A gay Royal Bank of Scotland banker has been found guilty of killing his wife and incinerating her body to stop her revealing his true sexuality.
Jasvir Ginday bludgeoned wife Varkha Rani to death with a metal pipe and a vacuum cleaner at their Walsall home in September.
The 29-year-old then strangled his wife of seven months before burning her body in a garden incinerator, Wolverhampton Crown Court was told.
Jurors were shown a video said to show Ginday filling up a petrol can he is believed to have emptied over his wife before setting light to her.
Ginday killed her because he was struggling with a double life, the court was told. He was gay but to the outside world kept up the pretence of being heterosexual.
He married Rani in a lavish arranged wedding in February 2013 even though he told a friend in 2008 that he was attracted to men and regularly frequented gay bars after he got engaged.

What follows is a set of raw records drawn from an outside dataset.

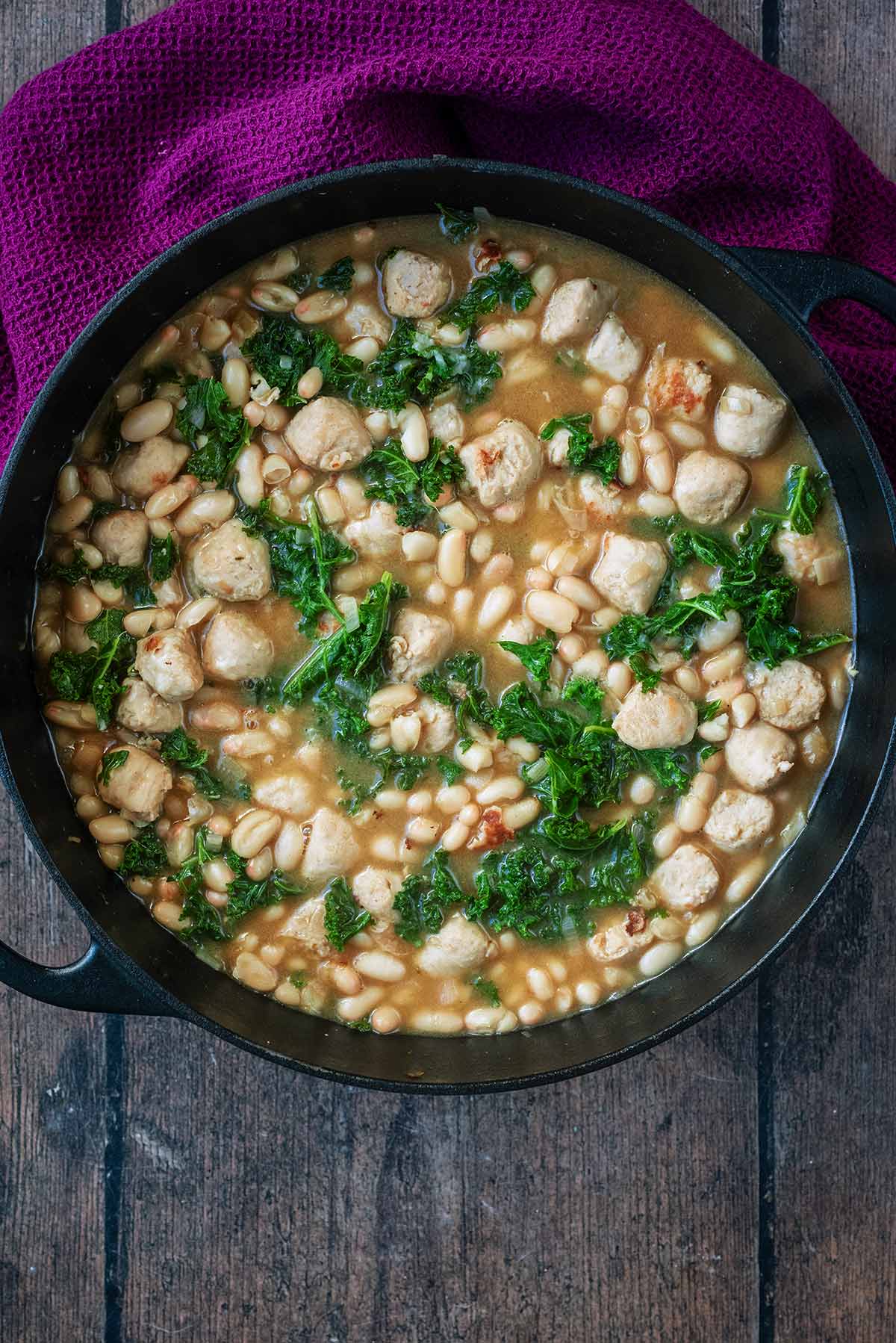 A large black pan with white beans, chunks of sausage and kale in it.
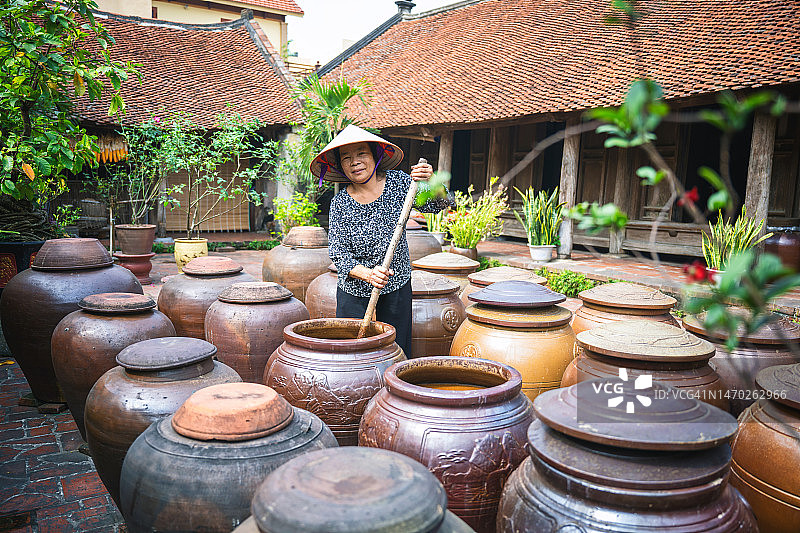 在庭院里搅拌巨大黏土大豆荚的越南老年妇女图片素材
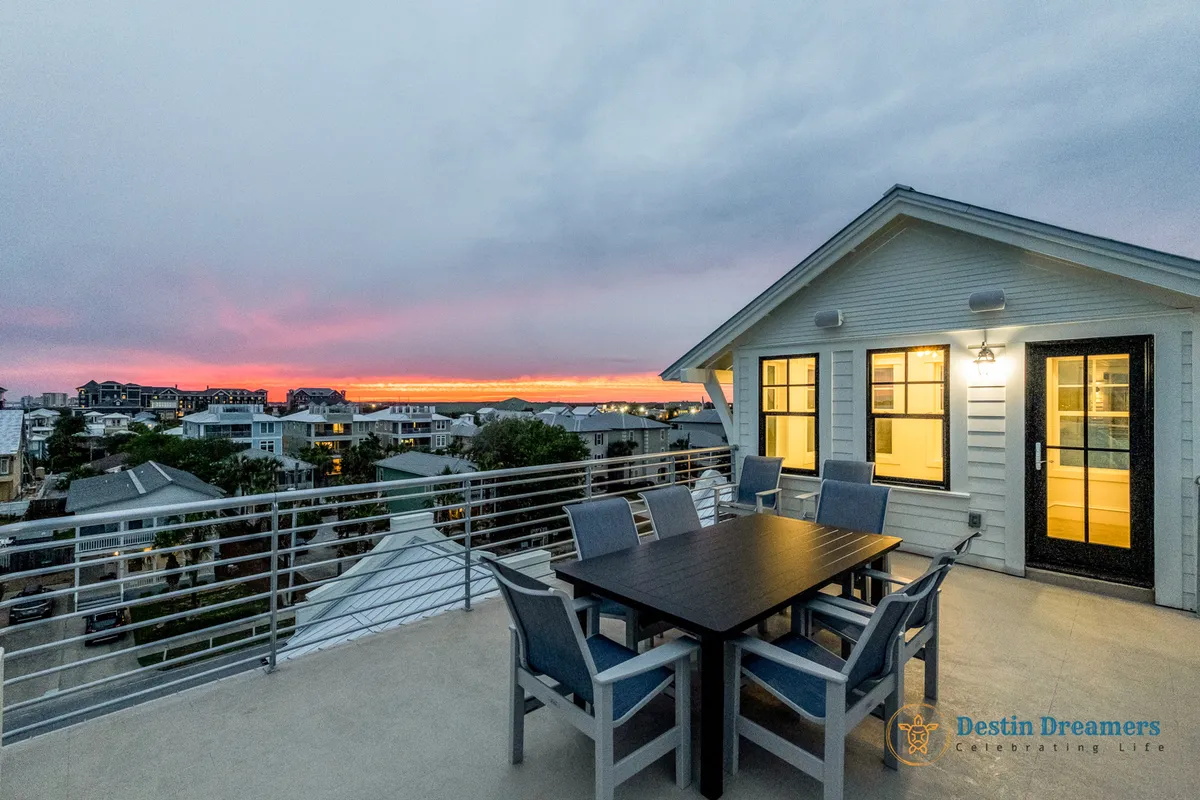 An elegant outdoor dining table set beneath an open sky, with the sun setting over the ocean in the distance. Modern architectural elements frame the view, and the scene radiates a sense of tranquil togetherness—ideal for gathering with friends or family after a day of complimentary activities.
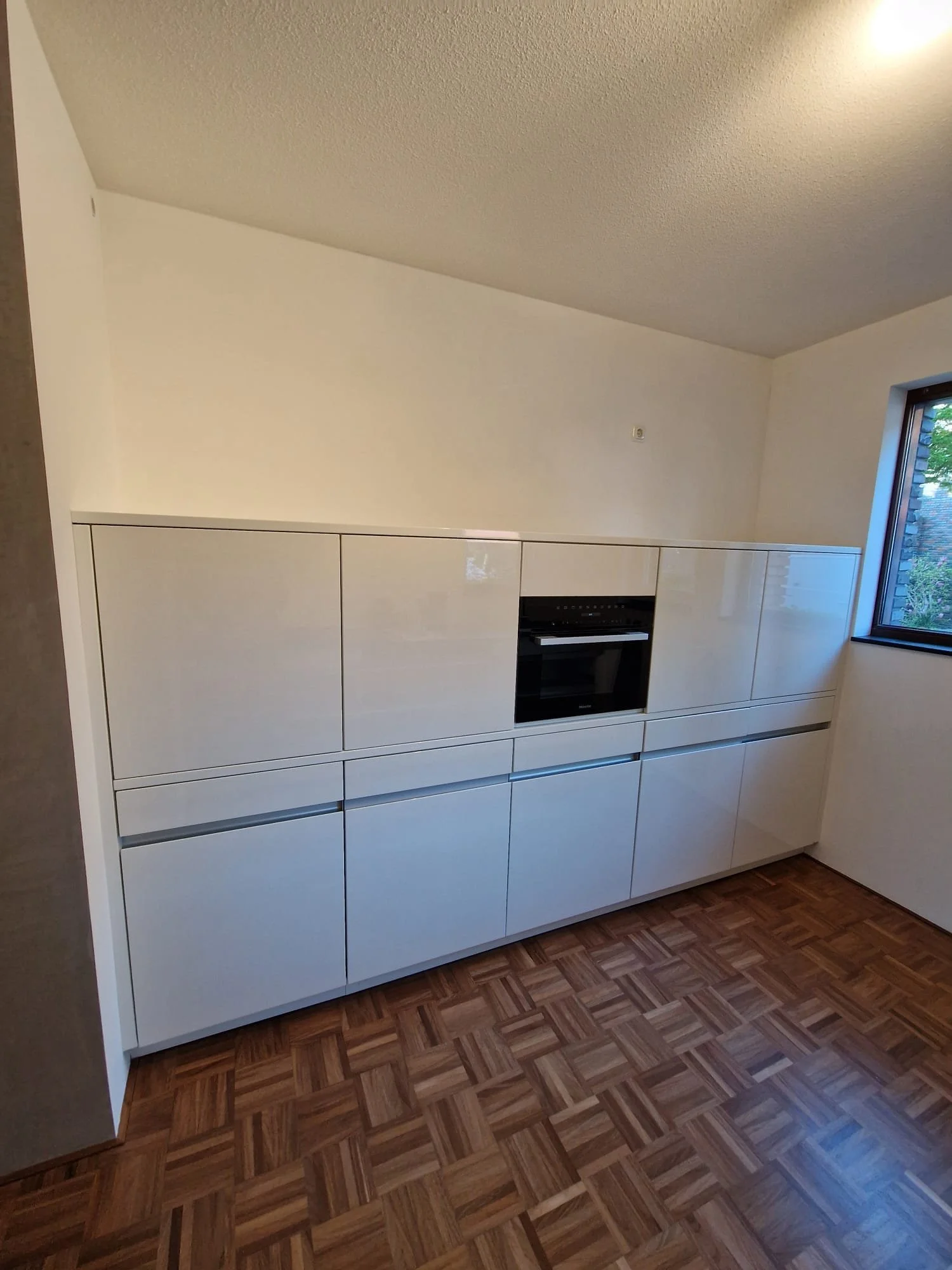 Moderne witte keukenkasten met ingebouwde oven en een raam met uitzicht op buiten.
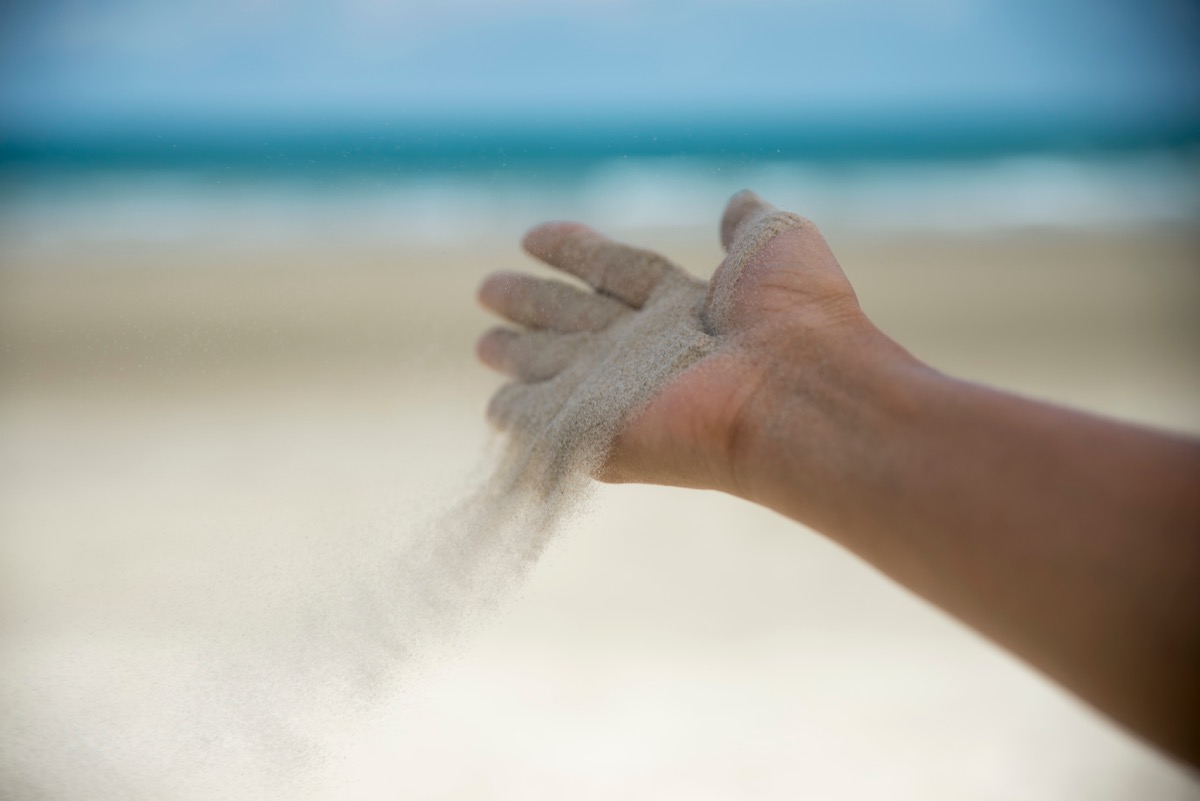 hand release sand on beach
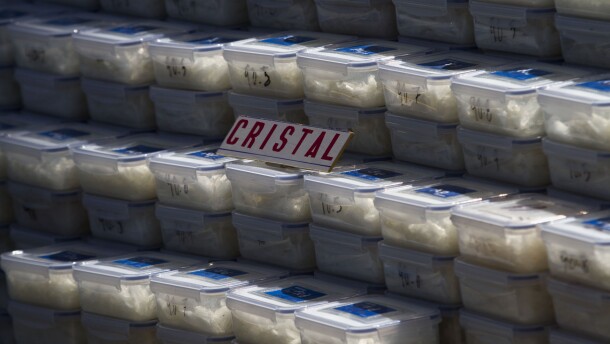 Plastic containers of crystal meth sit on display for the media in Tijuana, Mexico, Tuesday March 15, 2011.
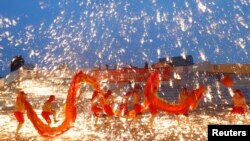 2013年2月10日在北京的一处游乐园庆祝农历新年的火龙舞表演中，火龙队员在铁水花与干花的施放中舞着火龙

It was just one month after they moved into their home that Ginday, who had been preparing to take up a job with the Financial Ombudsman Service in London, attacked and killed his wife.
Ginday tried to conceal the crime by telling relatives Rani had ended their relationship and was missing. He reported her alleged disappearance to police.
But detectives discovered a human skull in the incinerator.
He admitted manslaughter but denied murder on the grounds that he had not planned the attack.
Varkha's cousin Sunil Kumar said: "No words can truly express the sadness and hurt my family and I are experiencing at the loss of Varkha. She was loved dearly by all. She had a great passion for life and doted on her family."